Juristas e teóricos do direito consultados pela Folha dizem ver uma “deturpação” do Estado democrático de Direito na medida em que decisões judiciais são fundamentadas ou contaminadas por valores ou critérios religiosos.
Para Dalmo de Abreu Dallari, professor aposentado da Faculdade de Direito da USP, e autor dos livros “O Poder dos Juízes” e “O Futuro do Estado”, “o uso de psicografia é claramente ilegal”.
“Não há o reconhecimento disso no sistema jurídico brasileiro. Se isso for a prova, o julgamento é nulo. Não pode”, diz.
Um dos maiores teóricos do direito brasileiro, Marcelo Neves, professor de teoria do Estado da USP e de teoria do direito do doutorado da PUC, diz haver uma “descaracterização dos princípios do Estado constitucional moderno” na aplicação de valores espíritas no dia-a-dia do Poder Judiciário.
Estado laico
“Não se podem definir posições sobre casos jurídicos a partir de uma percepção religiosa do mundo. A partir do momento em que esses magistrados não conseguem se desvincular é um problema gravíssimo para o Estado de Direito, que parte do princípio de ser um Estado laico e que posições religiosas diversas não podem ser determinantes no processo de decisão jurisdicional”, afirma Marcelo Neves.
Para Dallari, a associação de juízes espíritas é “exercício de cidadania”. “Os juízes têm plena liberdade religiosa como todos os demais cidadãos, como têm o direito de associação.”
Mas, segundo o jurista, “se isso interferir no desempenho da função jurisdicional, aí, sim, se torna ilegal e ofende a laicidade”. “Nunca tive notícia de juízes espíritas.”

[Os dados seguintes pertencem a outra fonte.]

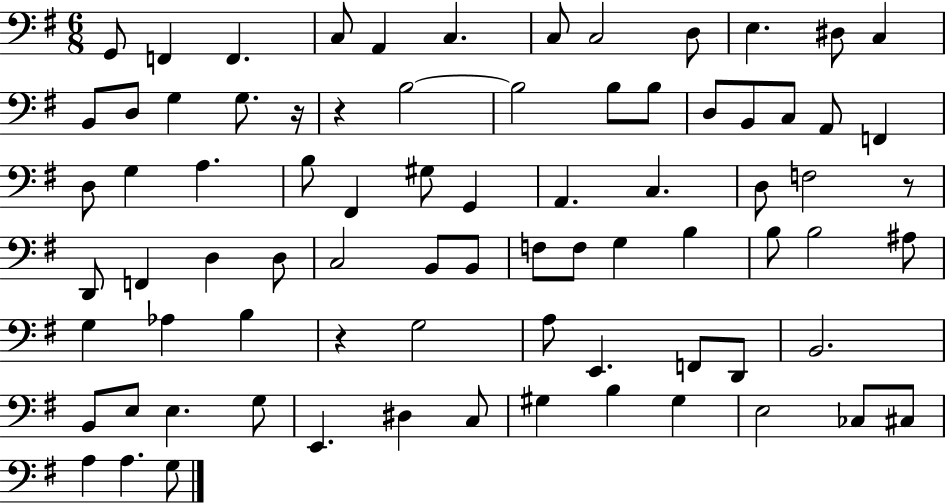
X:1
T:Untitled
M:6/8
L:1/4
K:G
G,,/2 F,, F,, C,/2 A,, C, C,/2 C,2 D,/2 E, ^D,/2 C, B,,/2 D,/2 G, G,/2 z/4 z B,2 B,2 B,/2 B,/2 D,/2 B,,/2 C,/2 A,,/2 F,, D,/2 G, A, B,/2 ^F,, ^G,/2 G,, A,, C, D,/2 F,2 z/2 D,,/2 F,, D, D,/2 C,2 B,,/2 B,,/2 F,/2 F,/2 G, B, B,/2 B,2 ^A,/2 G, _A, B, z G,2 A,/2 E,, F,,/2 D,,/2 B,,2 B,,/2 E,/2 E, G,/2 E,, ^D, C,/2 ^G, B, ^G, E,2 _C,/2 ^C,/2 A, A, G,/2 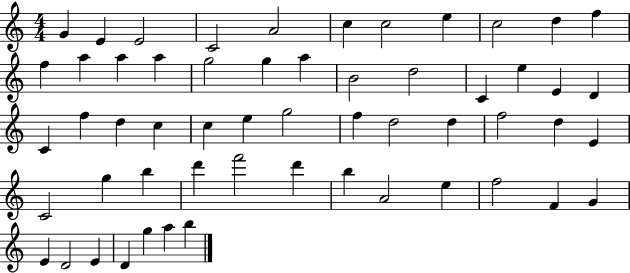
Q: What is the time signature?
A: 4/4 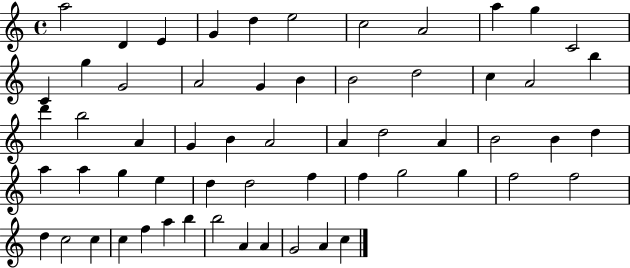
{
  \clef treble
  \time 4/4
  \defaultTimeSignature
  \key c \major
  a''2 d'4 e'4 | g'4 d''4 e''2 | c''2 a'2 | a''4 g''4 c'2 | \break c'4 g''4 g'2 | a'2 g'4 b'4 | b'2 d''2 | c''4 a'2 b''4 | \break d'''4 b''2 a'4 | g'4 b'4 a'2 | a'4 d''2 a'4 | b'2 b'4 d''4 | \break a''4 a''4 g''4 e''4 | d''4 d''2 f''4 | f''4 g''2 g''4 | f''2 f''2 | \break d''4 c''2 c''4 | c''4 f''4 a''4 b''4 | b''2 a'4 a'4 | g'2 a'4 c''4 | \break \bar "|."
}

Segundo Neves, o uso de psicografia nos tribunais “é um perigo” e só tem significado nos campos religioso e pessoal.
“Isso não pode passar para o plano jurídico porque realmente é uma interferência destrutiva da consistência do Estado democrático de Direito.”
“Não existe amparo legal na utilização do sobrenatural”, completa Dallari.
Vontade funcional
Para Walter Nunes da Silva Júnior, presidente da Ajufe (Associação dos Juízes Federais do Brasil), os juízes, como Estado, “manifestam não uma vontade pessoal, mas uma vontade funcional”.
“Escorar uma decisão com base numa prova psicografada não tem ressonância no mundo jurídico. É indevida uma decisão que se embasa na psicografia, que cientificamente não é comprovada”, diz .
“A constituição do Estado democrático de Direito fica totalmente prejudicada, principalmente pela pluralidade religiosa. Num mundo de pluralidade religiosa cada vez maior hoje é que tem que haver maior distância do Estado constitucional em relação aos particularismos religiosos”, diz Neves.
Livros como “A Filosofia Penal dos Espíritas”, “Pena de Morte e Crimes Hediondos à Luz do Espiritismo” e “A Psicografia ante os Tribunais” já foram lançados no mercado jurídico-espírita.